Tuesday, April 26, 2016

The Girl Who Played With Fire by Stieg Larsson

The Girl Who Played With Fire by Stieg Larsson
Published July 2009 by Knopf Doubleday Publishing Group
Source: borrowed from my parents
Narrated by: Simon Vance

Publisher's Summary:
Mikael Blomkvist, crusading journalist and publisher of the magazine Millennium, has decided to run a story that will expose an extensive sex trafficking operation between Eastern Europe and Sweden, implicating well-known and highly placed members of Swedish society, business, and government. But he has no idea just how explosive the story will be until, on the eve of publication, the two investigating reporters are murdered. And even more shocking for Blomkvist: the fingerprints found on the murder weapon belong to Lisbeth Salander - the troubled, wise-beyond-her-years genius hacker who previously came to his aid, and who becomes the focus and fierce heart of the current situation. As Blomkvist, alone in his belief in Salander's innocence, plunges into an investigation of the slayings, Salander herself is drawn into a murderous hunt in which she is the prey, and which compels her to revisit her dark past in an effort to settle with it once and for all.


My Thoughts:
Okay, you all were right. Simon Vance is amazing. Except...he really cannot do a convincing Swedish accent, particularly a Swedish woman. Shouldn't even have tried. Lisbeth Salander became a Cockney girl, and not a particularly tough one.

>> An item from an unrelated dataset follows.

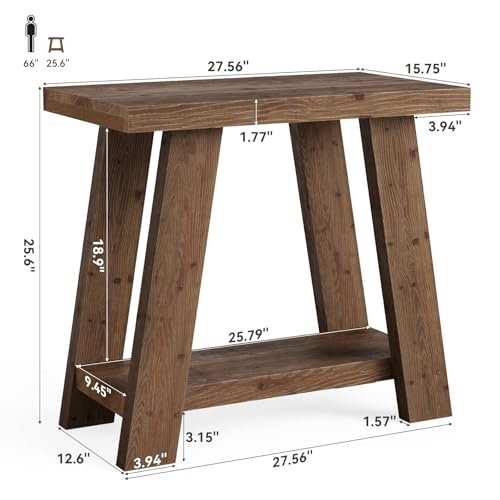 LITTLE TREE Solid Wood End Table, Small Side Table with 2-Tier Storage Shelf for Living Room, Rectangular Side Table for Couch, Bedside Table for Bedroom, Easy Assembly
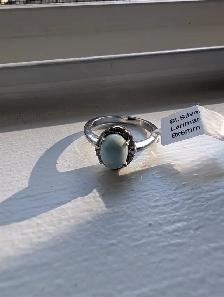 Brand New Silver Natural Larimar Ring For Sale - Photo 7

Why, yes, this is the bed Lisbeth bought
If that were the worst thing to be said about this book, it would be a minor quibble I could have gotten over. It isn't. I have no idea where Stieg Larsson's editor was when this book was being published. Perhaps they were, like Dickens, both being paid by the word. One could actually furnish their apartment with exactly the same furniture that Lisbeth bought from Ikea, right down to the lamps and bedding. Every shop anyone went into is named, every kind of food Lisbeth ate. And don't even get me started on the street names. I do believe I could navigate through Stockholm and surrounding environs.

It's a shame to burden the story with all of this nonsense. It's a complicated story and readers need to be able to stay focused. There are a lot of names and relationships to remember. If I'd been reading, rather than listening, I might well have made notes as I started. Eventually, I got it all straight in my head and was able to go along for the ride. It really is a great ride, if you can get over the fact that it would appear a good half of the men in Sweden are chauvinist pigs. Because Lisbeth Salander is just so damn interesting.

I'd be ready to jump right into the next book if I could just get over the idea that it's bound to be three discs longer than it should be.